**EXERCISE BRIEF:**
Produce the lines from the one containing "Lot de 2&nbsp;t-shirts col rond" through the end of the material exactly as they appear, both ends included, and leave the pictures out.

-- DATA EXCERPT follows --

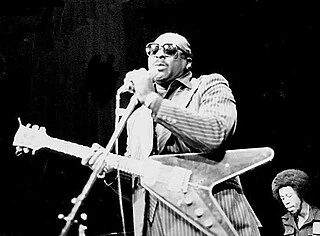 Albert King headshot
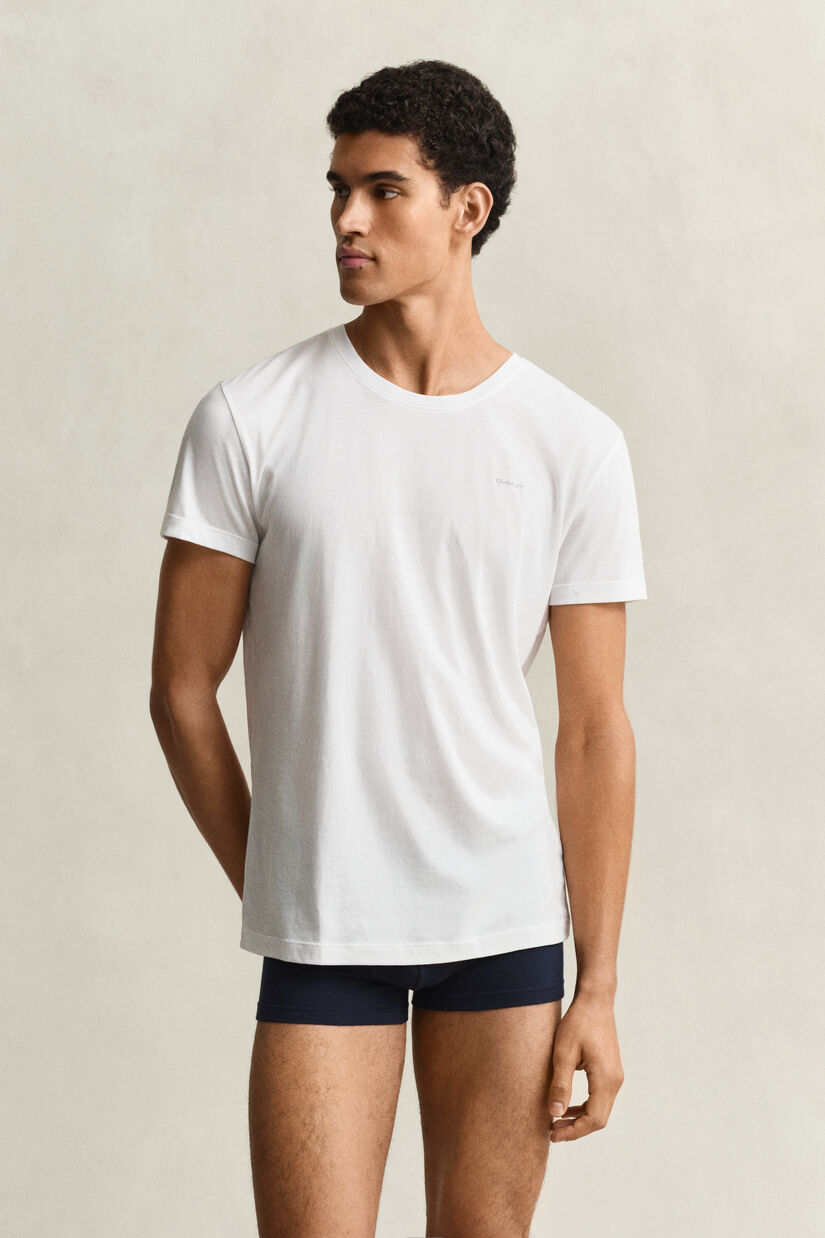 Lot de 2&nbsp;t-shirts col rond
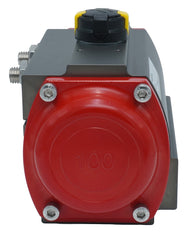 Pneumatic Actuator Rack & Pinion Double Acting 236.5Nm @ 6bar F07/F10 Epoxy Coating - PR08D-C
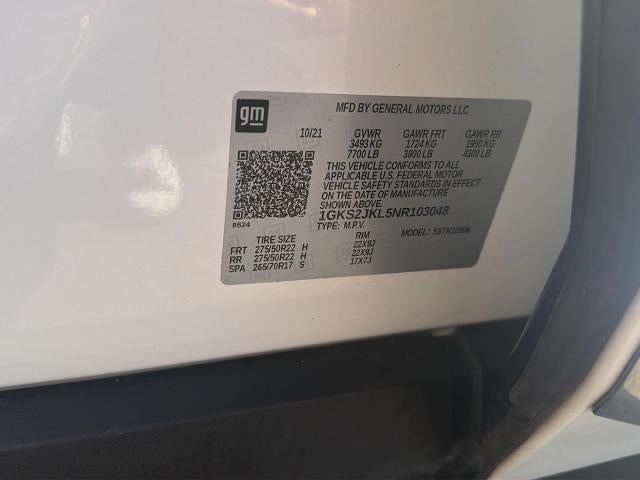 2022 GMC Yukon XL 4WD 4dr Denali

-- DATA EXCERPT concluded --

**TASK OUTPUT:**
 Lot de 2&nbsp;t-shirts col rond
 Pneumatic Actuator Rack & Pinion Double Acting 236.5Nm @ 6bar F07/F10 Epoxy Coating - PR08D-C
 2022 GMC Yukon XL 4WD 4dr Denali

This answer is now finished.